My Sterling Valentine felt great but the pick ups couldn't power a gain channel and the boost just highlighted the poor pick up and electrics quality more. Saying that, it now has Suhr Thornbucker (bridge) and SSV (neck) and the boost circuit now powers a bridge piezo. The frets had a trim and all the wiring has been replaced. It now rivals my Musicman Stingray for sound, and getting there on feel. Having played the Musicman Valentine trem, I'd probably change the bridge pick up too
There is also a fixed bridge version of the sterling. Would have been cool if you compared it to the musicman too. I guess there would be even less differences between them as far as you can tell on a youtube video.

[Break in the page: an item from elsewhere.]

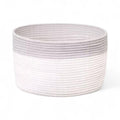 Ravi Basket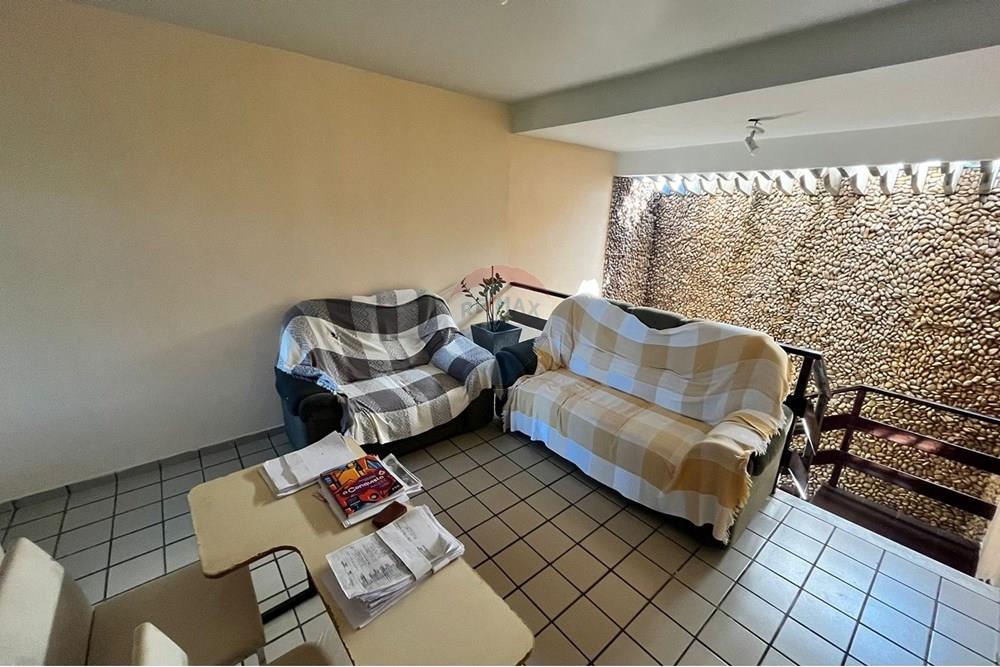 Casa - Alugar - Fortaleza , Ceará - WhatsApp Image 2024-08-23 at 09.39.37 (1).jpeg - 721621035-93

Nice job chaps. I bought a Sterling Valentine which felt so much better than some Fenders at a certain guitar shop. It holds tuning better than my PRS and has a great mojo about it. I gutted the electric as the bridge pick up could drive an overdrive pedal, it had a 23k pot !! Now re-wired with a Seymour Duncan Alnico 2 in the bridge and the boost power pack now powering a Fishman under saddles piezo, its a fantastic guitar. Saying that, I still might buy the Musicman version with trem when I've saved up for it and will switch the Sterling pick ups to 2 x Suhr Thornbuckers soon. Both guitars feel great
You didn't compare them at all! You played the US version way more and didn't compare the finger picking riff with both. Disappointing to see a side by side that wasn't even!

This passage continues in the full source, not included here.